## Section: Scientific Foundations

Keywords : Statistics, Data Analysis, Data Quality, Indexing.

### Efficient Exploitation of Descriptors and Metadata

Even if the description of the documents can be done automatically, this is not enough to build a complete indexing and retrieval system usable in practice. As a matter of fact, the system must be able to answer a query in a reasonable amount of time, and thus needs tools to guarantee this aspect. The section is devoted to some of these tools.

On-line and off-line processing define the two main categories of exploitation. On one hand, off-line processing corresponds usually to techniques which need to consider all the data, and the complexity in time is thus not the main issue. On the other hand, on-line processing needs to go really fast. To gain such a performance, these procedures use the result of the off-line processing to limit the treatment to the smallest data subset necessary to answer the query.

#### Statistics and Data Quality over Huge Datasets

Keywords : Exploratory Data Analysis, Statistics, Sampling, Data Quality Metrics.

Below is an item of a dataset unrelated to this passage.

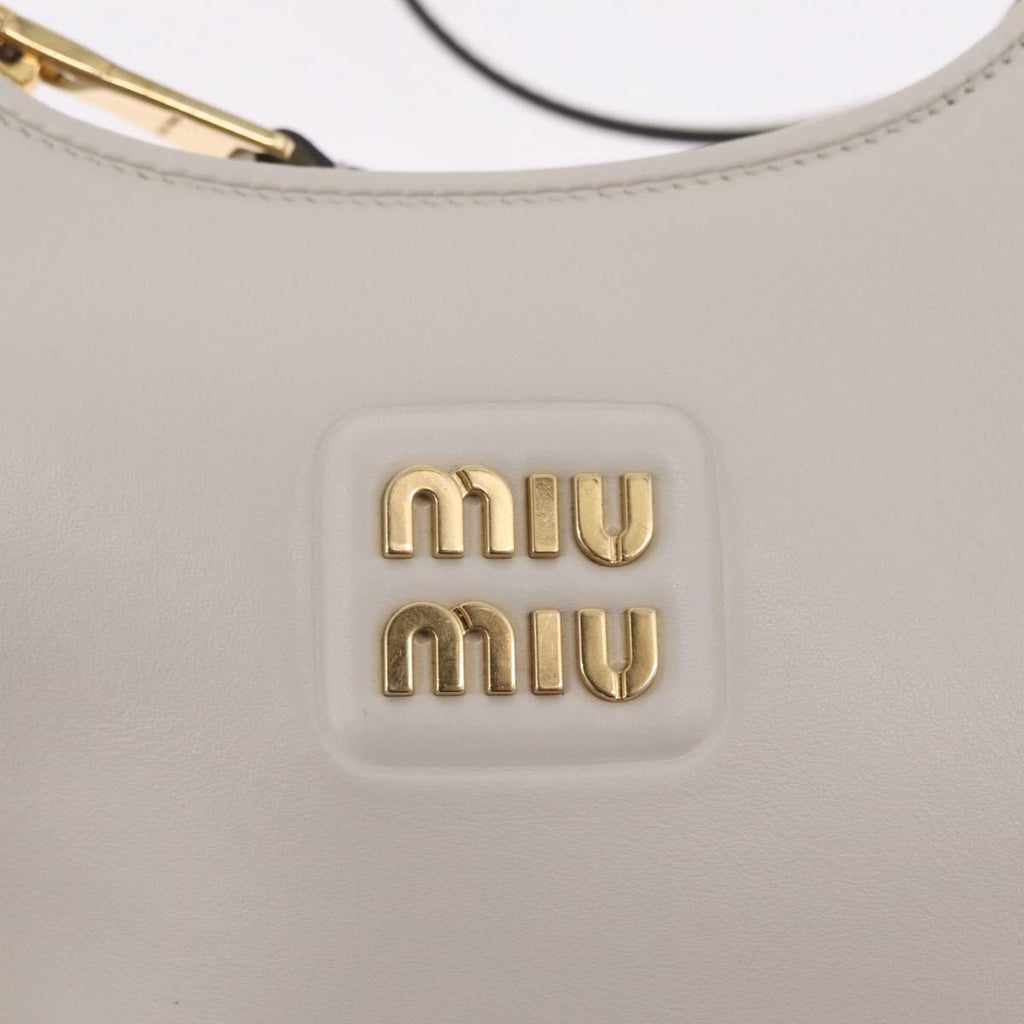 Miu Miu Hobo Hand Bag Leather 2way White Gold Auth 210603SAM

The situation where we have few available data has been well studied but a huge amount of data generates different kinds of problems: for instance, the use of classical inferential statistics results in hypothesis testing concludes rather often to reject the null hypothesis. Besides, the methods of models identification fail very often or the quality of the model is overestimated. The question is: how can we set a representative sampling in such datasets? We must add also that some clustering algorithms are unusable with such large datasets. Therefore, it is clear that working with huge datasets is difficult because of their computational complexity, because of the data quality and because of the scaling problem in inferential statistics.

However, statistical methods can be used, with caution, if the data quality is good. So the first step is the cleaning and the checking of data to be sure of their coherence. The second step depends on our goal. Either we want to build a global model, or we are looking for hidden structures in the data. In the first case, we can work on a sample of the data and use methods such as clustering, segmentation, regression models. In case we are looking for hidden structures, sampling is not appropriate and we need to use other heuristics.

Exploratory data analysis (EDA) is an essential tool to deal with huge
amounts of data. EDA describes data in an interactive way, without
*a priori* hypothesis and provides useful graphical representations.
Visualization methods when the dimension of the data is greater than three is
also necessary: for instance, parallel coordinates. All these previous
methods watch the data to discover their properties.

Let us add that most of the available data mining programs are very expensive, and that their contents are very disappointing and poor for most of them.

#### Multidimensional Indexing Techniques

Keywords : Multidimensional Indexing Techniques, Databases, Curse of Dimensionality, Approximate Searches, Nearest-Neighbors (NN).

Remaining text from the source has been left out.